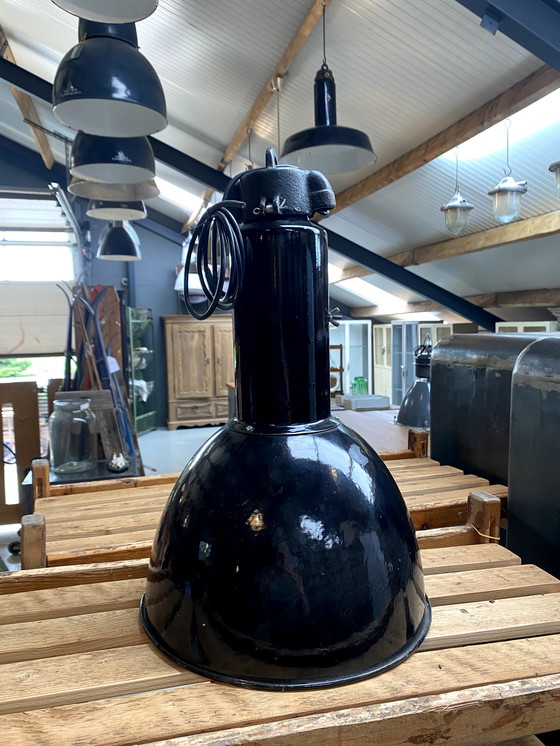 Image 1 of Lampada a sospensione in smalto vintage da fabbrica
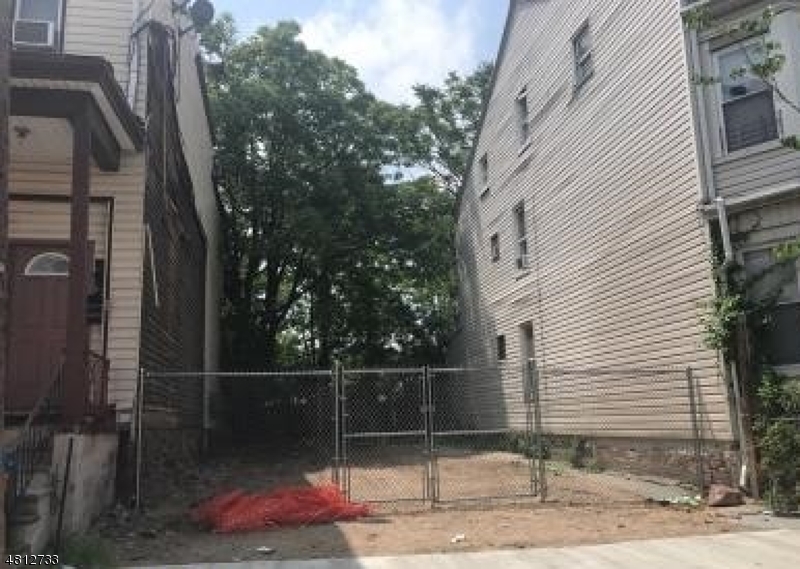 Property Photo: 68 Pearl St NJ 07501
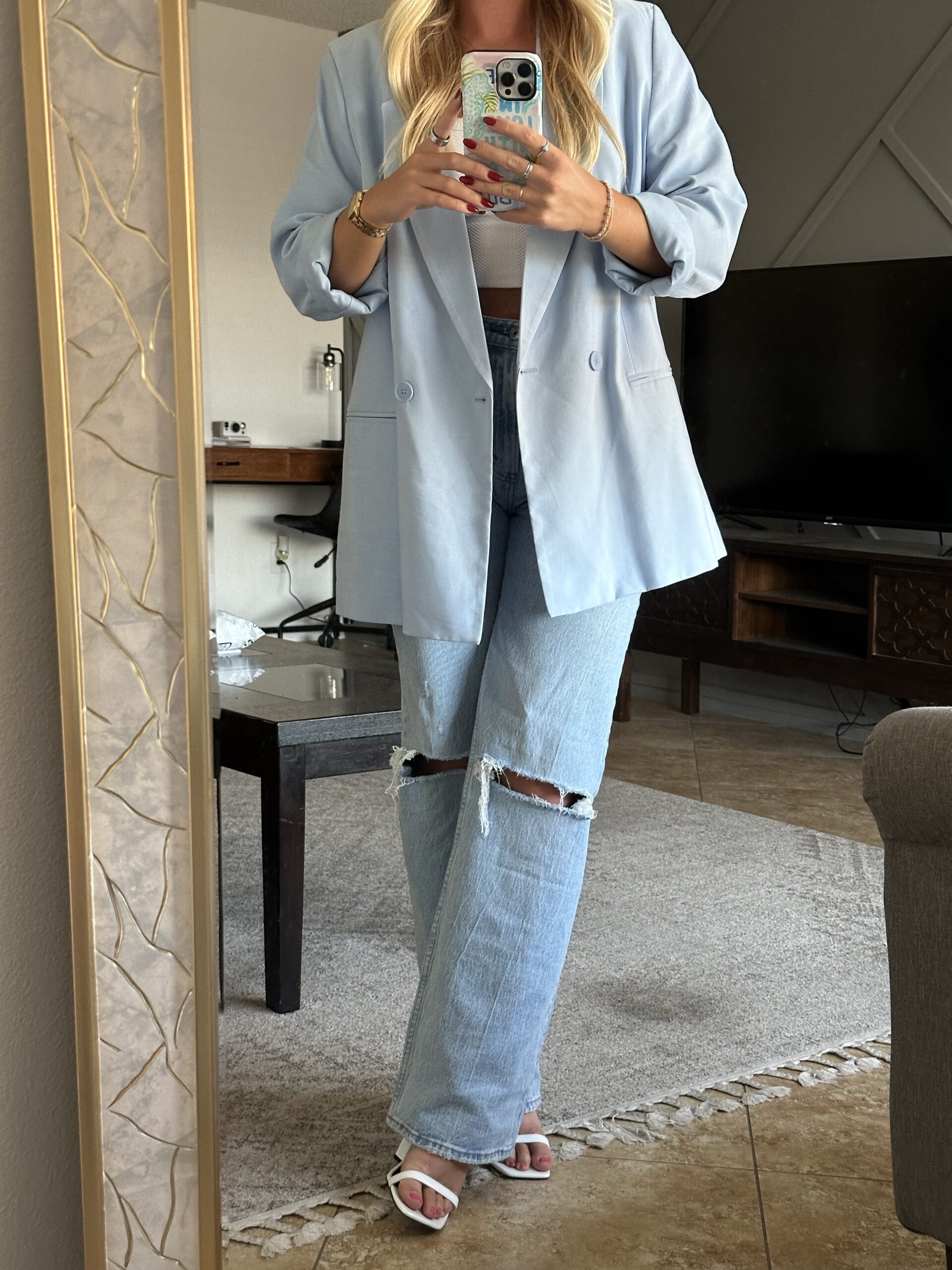 3 Things I Changed To Break Through My Most Recent Weight Loss Plateau & Fit Back Into My Pre-Pregnancy Jeans!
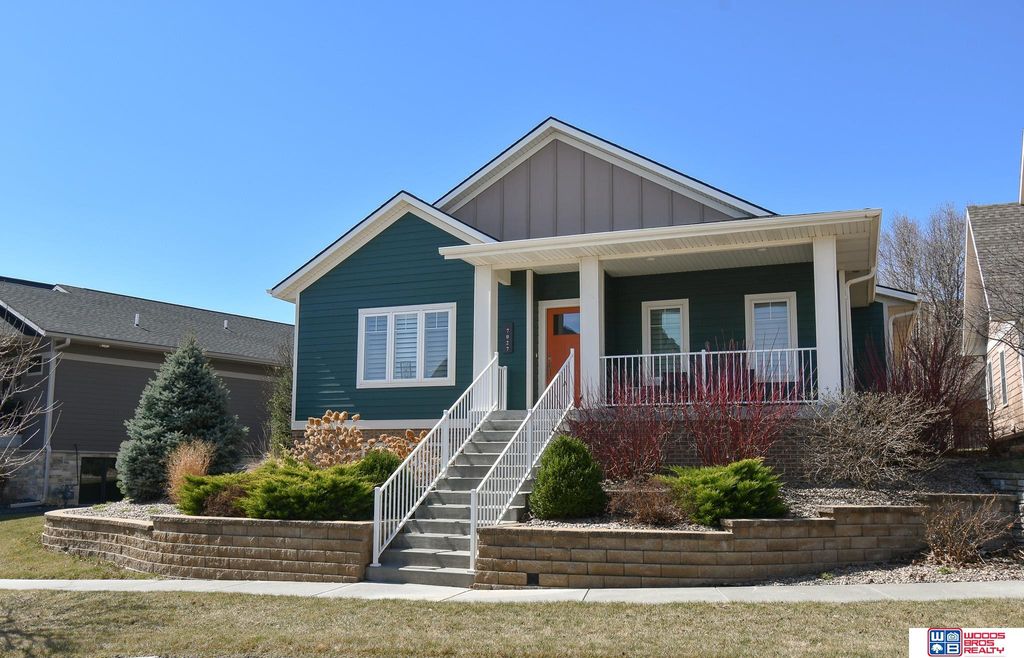 7027 Fernhill Place, Lincoln, NE 68516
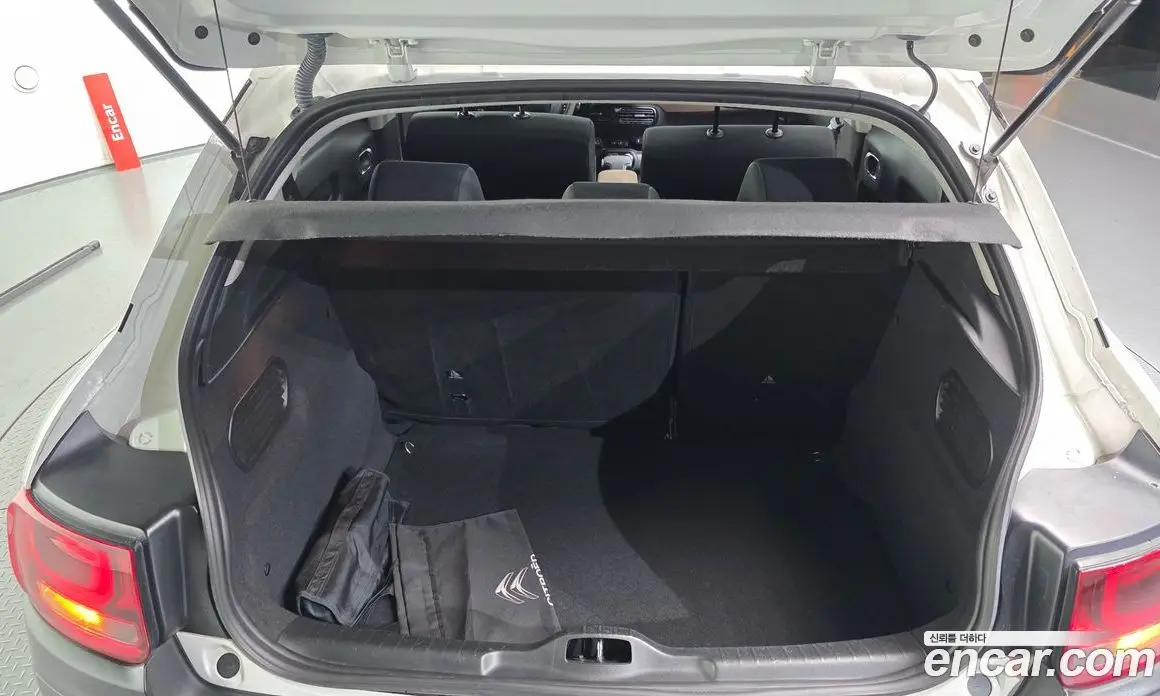 Citroen C4 Cactus 2017 1.6 автомат (гидро), фото 26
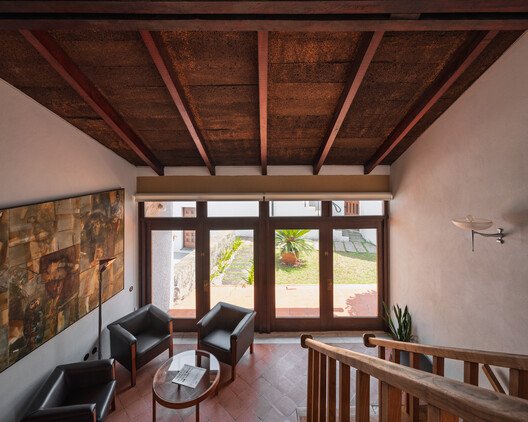 Álvaro Siza'nın İlk Eseri: Casa d'Abreu Neto'nun Zamansız Yenilenmesi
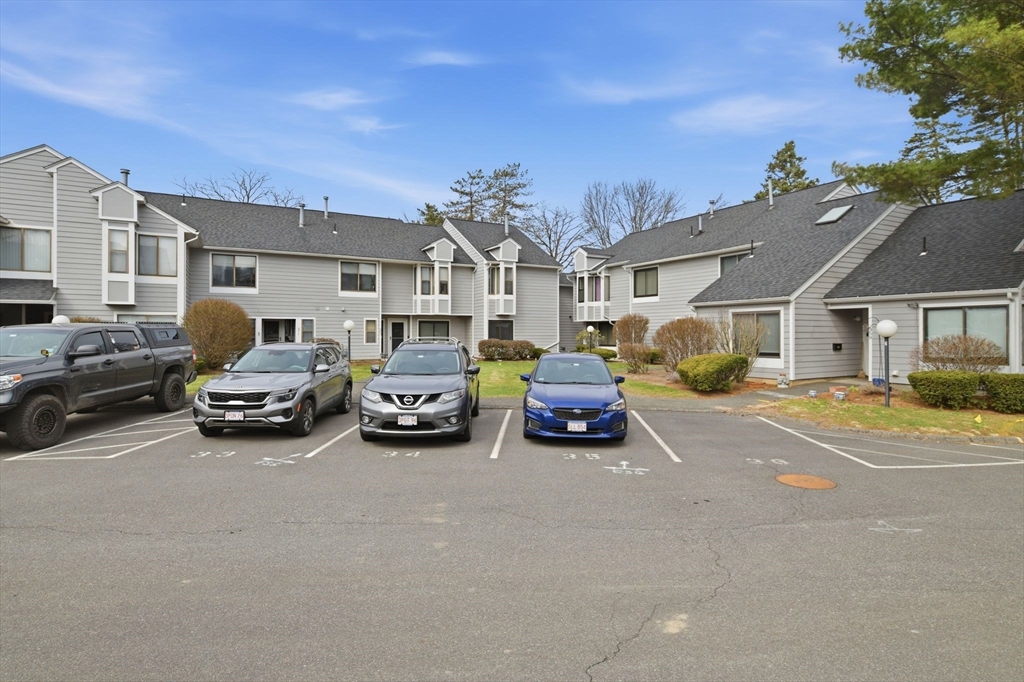 367 Nassau Drive, Unit 367 Springfield, MA 01129 - Photo 3 of 41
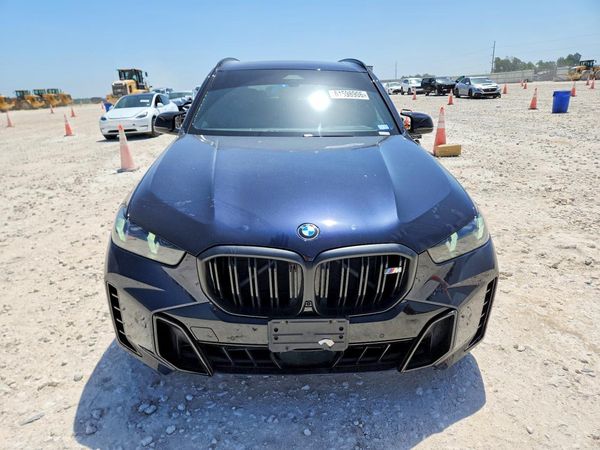 2026 BMW X5 M60i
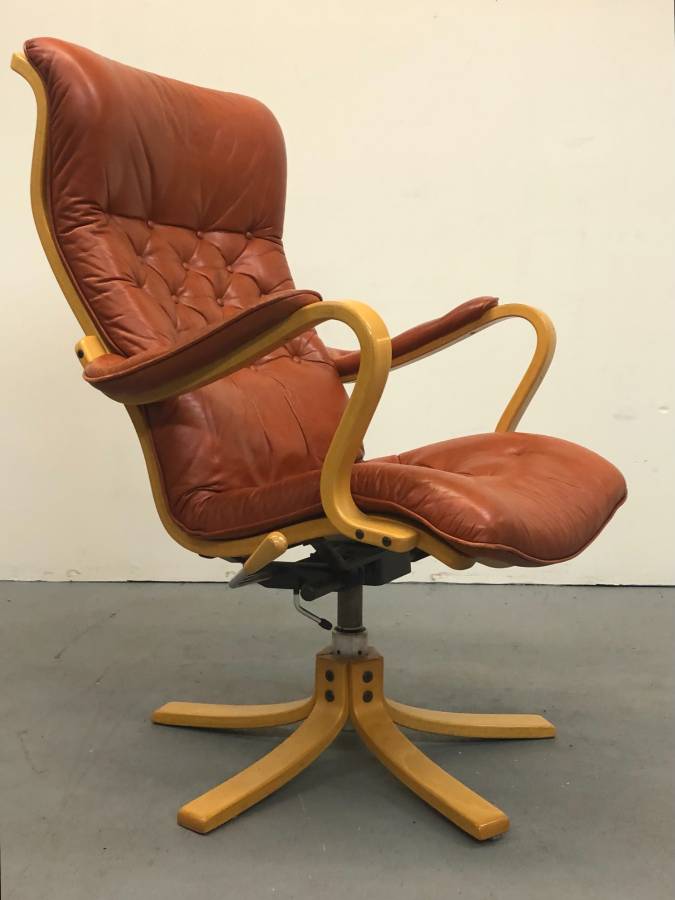 Broderna Andersson Swivel Chair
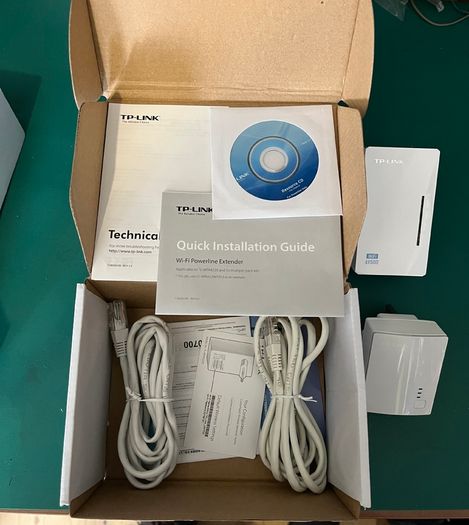TP-Link AV500 Wi-Fi Powerline Extender Kit Brand New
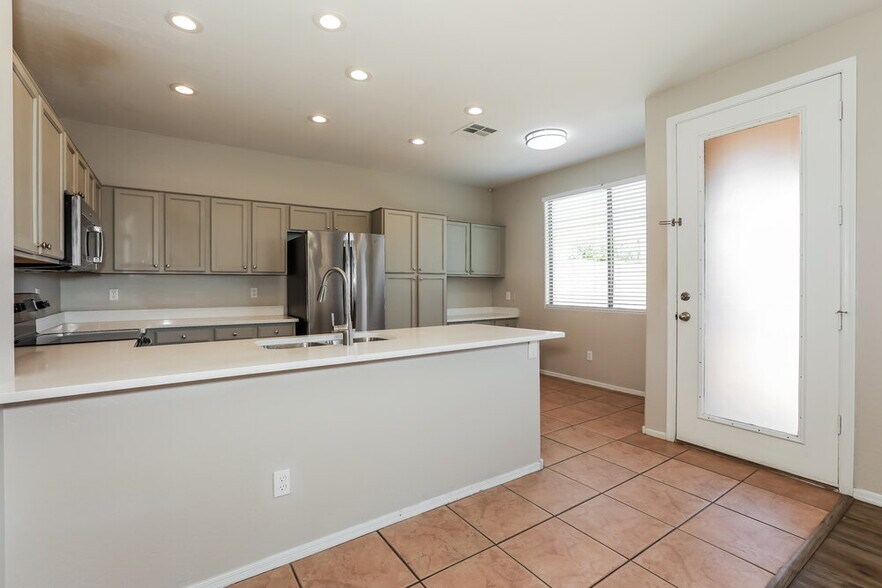 Building Photo - 125 N 22nd Pl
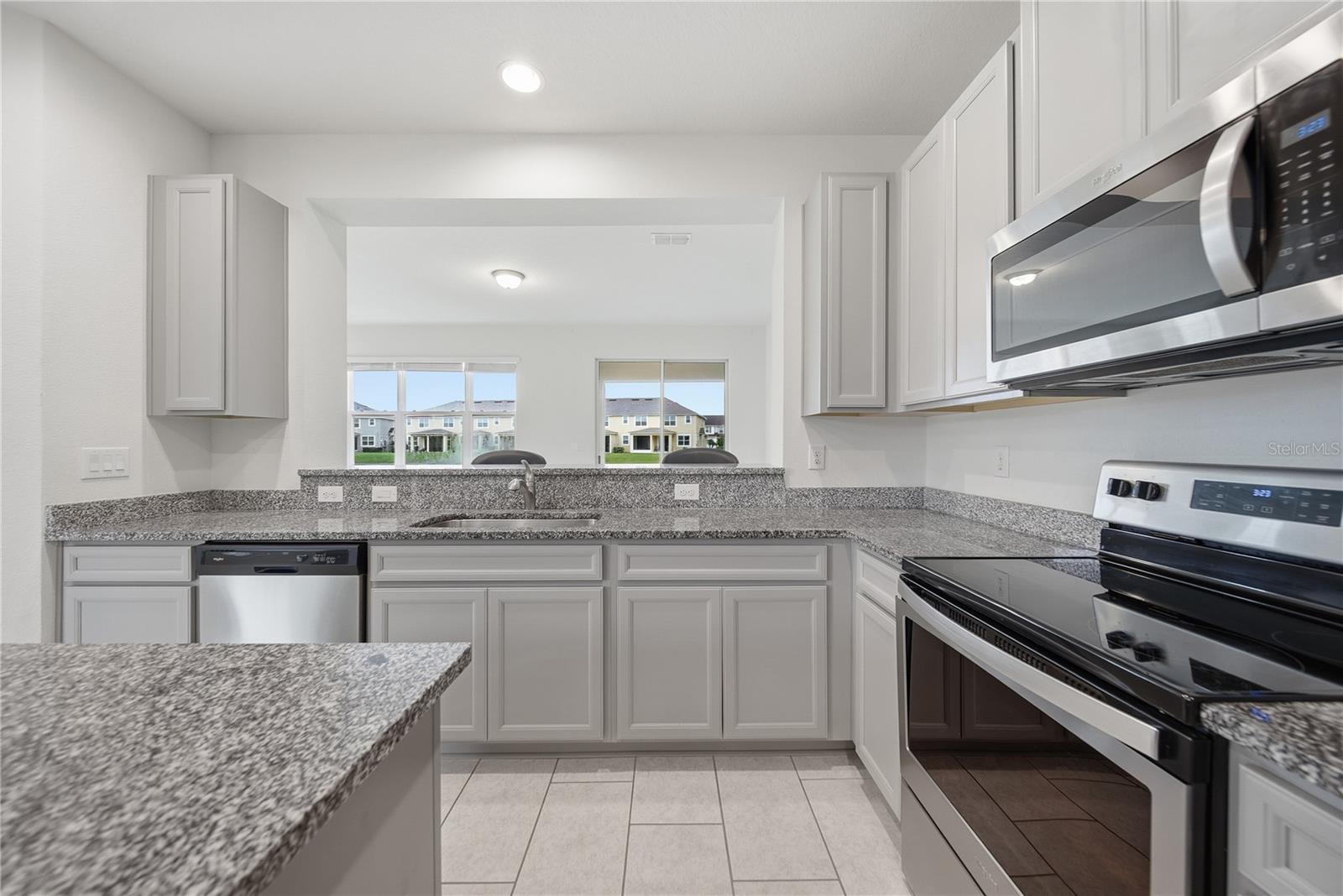 5553 Pleasantview Ct Property Photo 11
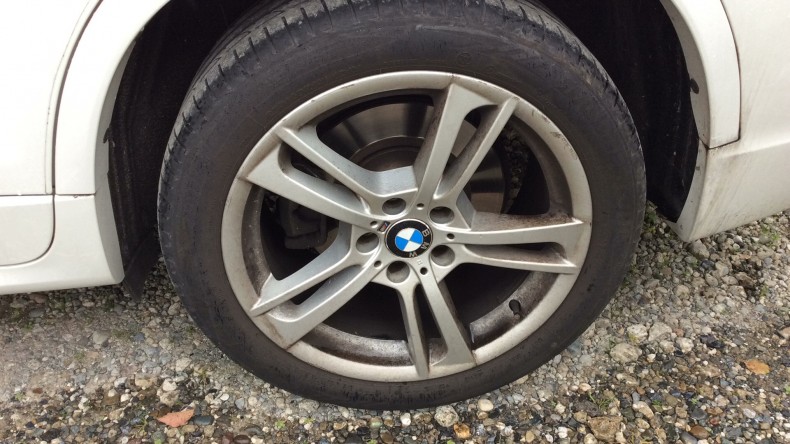 タイヤホイール前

# Exercise objective
Give the lines from the one containing "5553 Pleasantview Ct Property Photo 11" through the final line of the material again, exactly and in full, but without pictures.

# Task solution
 5553 Pleasantview Ct Property Photo 11
 タイヤホイール前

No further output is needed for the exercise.